Work item:
Copy every line of the data below exactly as given, except for the pictures.

The data:
---

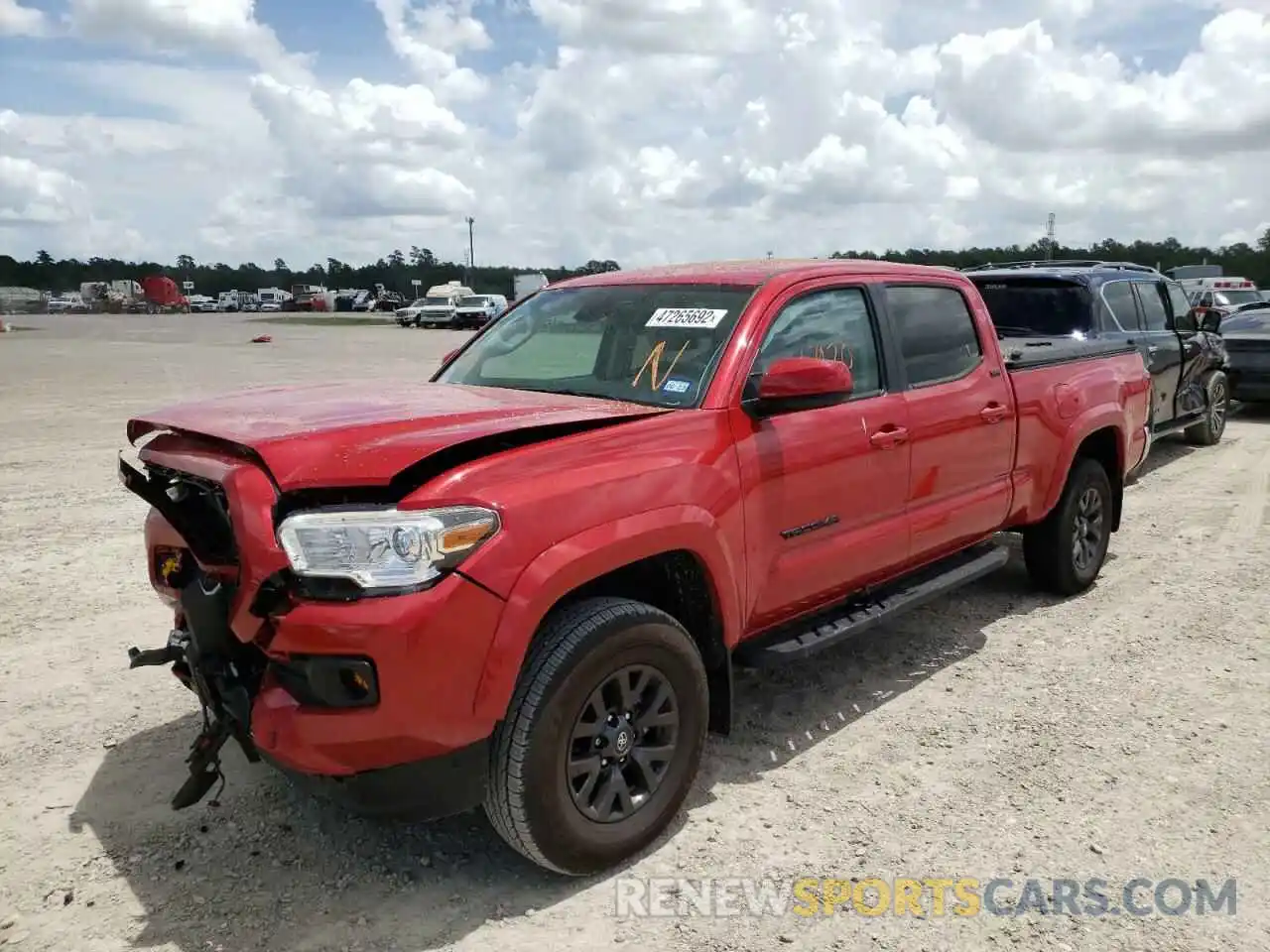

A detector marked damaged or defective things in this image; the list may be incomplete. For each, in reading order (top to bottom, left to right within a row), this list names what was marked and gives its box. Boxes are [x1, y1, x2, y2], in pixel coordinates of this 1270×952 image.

damaged hood [126, 379, 667, 492]
broken headlight [276, 508, 498, 591]
damaged red truck [119, 256, 1151, 873]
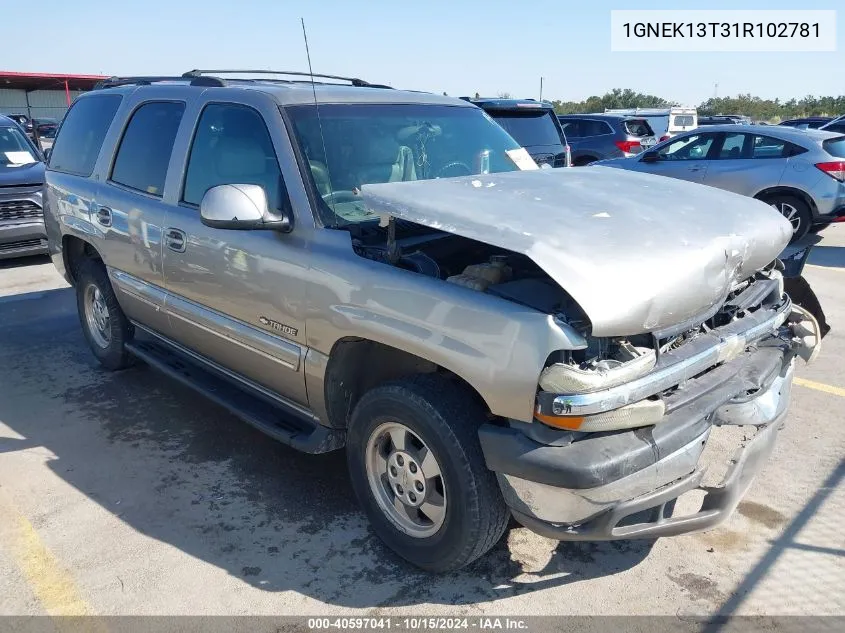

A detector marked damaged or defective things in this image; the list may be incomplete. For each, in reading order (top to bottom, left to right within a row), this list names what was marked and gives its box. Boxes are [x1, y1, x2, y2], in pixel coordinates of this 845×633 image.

crumpled hood [0, 159, 45, 186]
crumpled hood [362, 167, 792, 336]
crushed front bumper [478, 300, 816, 540]
damaged front end [478, 266, 820, 540]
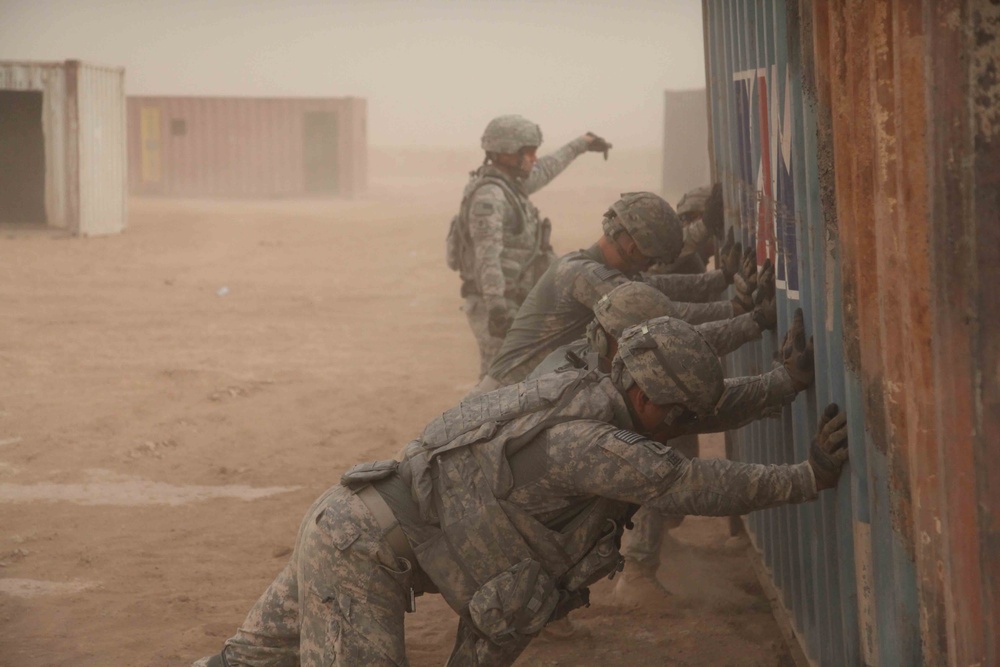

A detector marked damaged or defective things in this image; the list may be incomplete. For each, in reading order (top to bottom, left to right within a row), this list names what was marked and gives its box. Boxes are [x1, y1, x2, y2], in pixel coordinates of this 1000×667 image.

rusty metal wall [0, 60, 126, 236]
rusty metal wall [125, 95, 368, 198]
rusty metal wall [664, 88, 712, 201]
rusty metal wall [704, 2, 1000, 664]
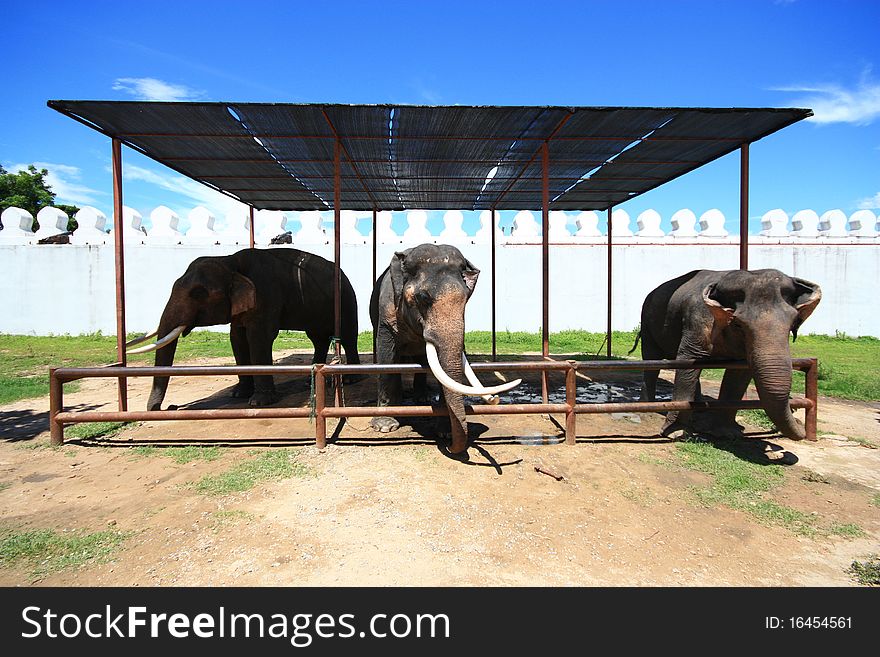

---

Your solution:
A detector marked damaged or defective things in this image; the list may be incomplete. For each, in reading order (top to bottom, left to right within a row), this list names what was marked and gives its box. Boxes are [x1, y1, x2, y2], in pixel coordinates of this 1270×952 image.

damaged hood [126, 379, 667, 492]
broken headlight [276, 508, 498, 591]
damaged red truck [119, 256, 1151, 873]

A detector marked damaged or defective things in this image; the list may be incomplete. For each, in reading order (top to bottom, left to right within a row), this list names what was marked and gives its box. Boxes are [x1, y1, x2, y2], in pixel coordinates of this 845×633 image.

crumpled hood [0, 159, 45, 186]
crumpled hood [362, 167, 792, 336]
crushed front bumper [478, 300, 816, 540]
damaged front end [478, 266, 820, 540]

A detector marked damaged or defective things in this image; the list may be incomplete. For each, in reading order (top to bottom, left to right within a row), this list names what was marked and gives its box. Boxes are [x1, y1, x2, y2], in pixel coordinates of this 1000×667 image.

rusty metal wall [0, 60, 126, 236]
rusty metal wall [125, 95, 368, 198]
rusty metal wall [664, 88, 712, 201]
rusty metal wall [704, 2, 1000, 664]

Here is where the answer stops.